During a video conference with German Chancellor Angela Merkel and European Union leaders in September, President Xi proposed that China and the EU should stick to peaceful coexistence, stay committed to opening-up and cooperation, uphold multilateralism, and continue their dialogues and exchanges, thus bringing the bilateral relationship to a higher level. The two sides are in urgent need of cooperation more than ever before and they enjoy a solid foundation for cooperation to fuel their economic recoveries and boost the global economy.
The cooperation between China and the EU is conducive to the two sides and the world at large. The trade between China and the EU has shown strong resilience during the pandemic. In the first half of the year, the Belgian port of Zeebrugge and the Greek port of Piraeus have seen their volumes of cargo rise despite the pandemic, thanks to the expanding trade activities between Europe and China and the Far East region. The number of journeys made by China-Europe freight trains amounted to 5,122 in the first half of this year, up 36 percent year-on-year, and the container throughput hit 461,000 twenty-foot equivalent units (TEU), up 41.7 percent year-on-year. That has helped stabilize the supply chains of China and Europe as well as countries and regions along the rail line.
It has been proven that the Chinese economy and the European economy are highly complementary and economic and trade cooperation between the two sides are not only good for each side, but also benefit surrounding regions. Strengthening their cooperation would release a positive signal to the world.

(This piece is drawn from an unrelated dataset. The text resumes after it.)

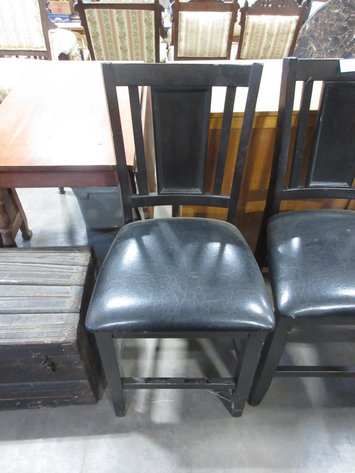 Image for (2) Wooden high top chairs with leather seats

Second, China and the EU should view each other as partners rather than competitors. The signing of a bilateral agreement that protects China and the EU's geographical indications in each other against imitations has been a positive development. The pact is the first comprehensive and high-level GI protection agreement China has signed with a trade partner, and it is expected to greatly boost the bilateral trade between the two. Meanwhile, the negotiations between China and the EU on an investment agreement have made progress and it is expected to be concluded by year end.

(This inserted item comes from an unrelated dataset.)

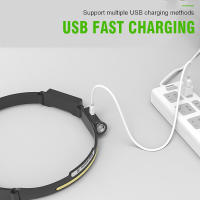 Linterna Frontal LED Recargable Con Sensor Y Batería Integrada Luz De Trabajo Super Brillante Torcha USB Para Camping Y Pesca Nocturna - details 3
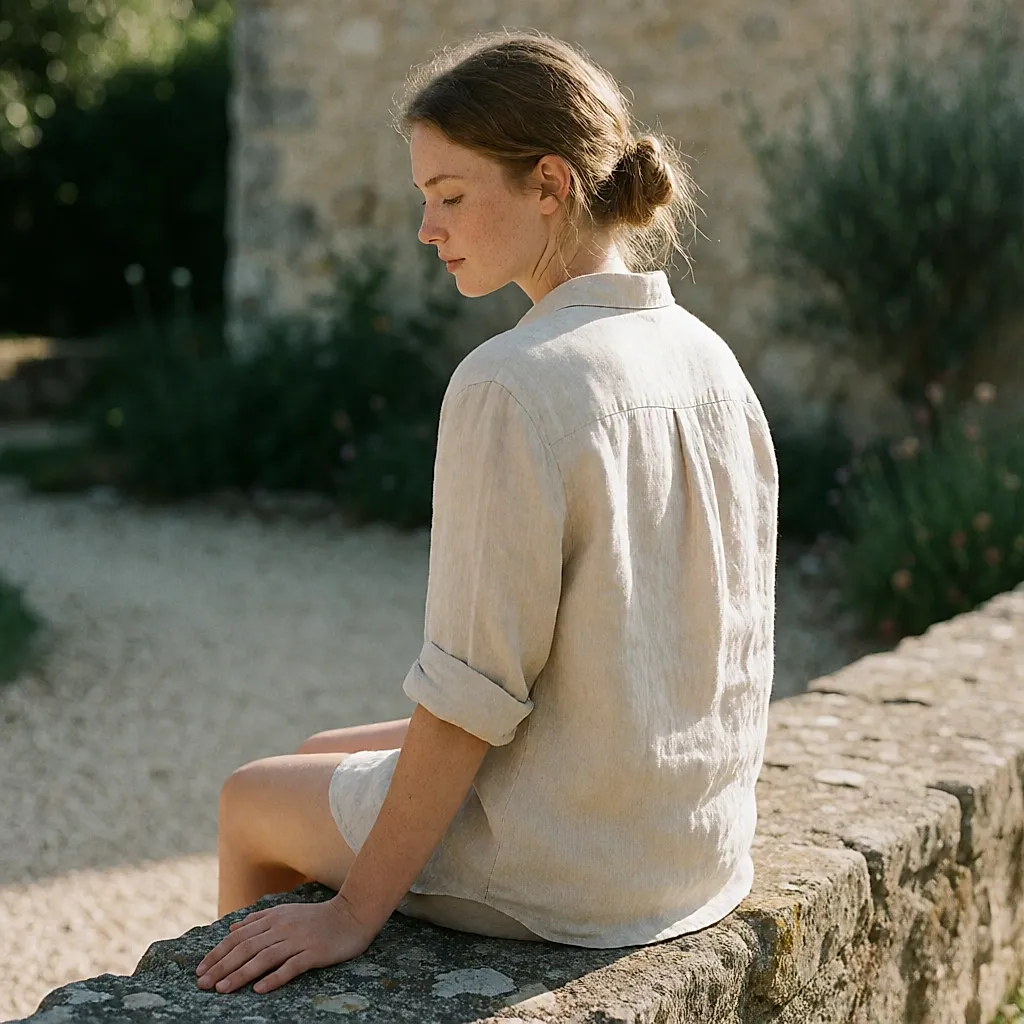 Jeune femme de dos au soleil couchant, chemise en lin et taches de rousseur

However, Chinese enterprises in the EU have become increasingly worried about the EU's anti-monopoly investigations, and investigations into foreign investment security and subsidies, which have raised questions over whether the EU's business environment is still welcoming. It is hoped the China-EU investment agreement will dispel these concerns.
Third, China and the EU should take advantage of their respective mid-term plans and grasp the overall trend to push for breakthroughs in bilateral cooperation with a strategic vision.
China is drawing up its 14th Five-Year Plan (2021-25), and EU leaders agreed in July a recovery package that includes 750 billion euros ($875 billion) raised from the financial market and 1.1 trillion euros from the bloc's 2021-27 budget.
China and the EU should conclude the negotiation over the EU-China Strategic Agenda for Cooperation 2025 as soon as possible to enhance the alignment of their mid-term development plans. The green economy and digital economy, in particular, will be the key fields for development in the coming five years and beyond. The two sides are highly complementary in technology, capital and markets and share many concerns in formulating global standards and rules. The two sides should establish green economy and digital economy partnerships.
The cooperation potential between China and the EU is greater than the competition between them and their consensus is bigger than differences. The two sides should further tap the potential of their common ground and endeavor to forge higher-level cooperative relations.
The author is the president of the Chinese Academy of Social Sciences. The author contributed this article to China Watch, a think tank powered by China Daily. The views do not necessarily reflect those of China Daily.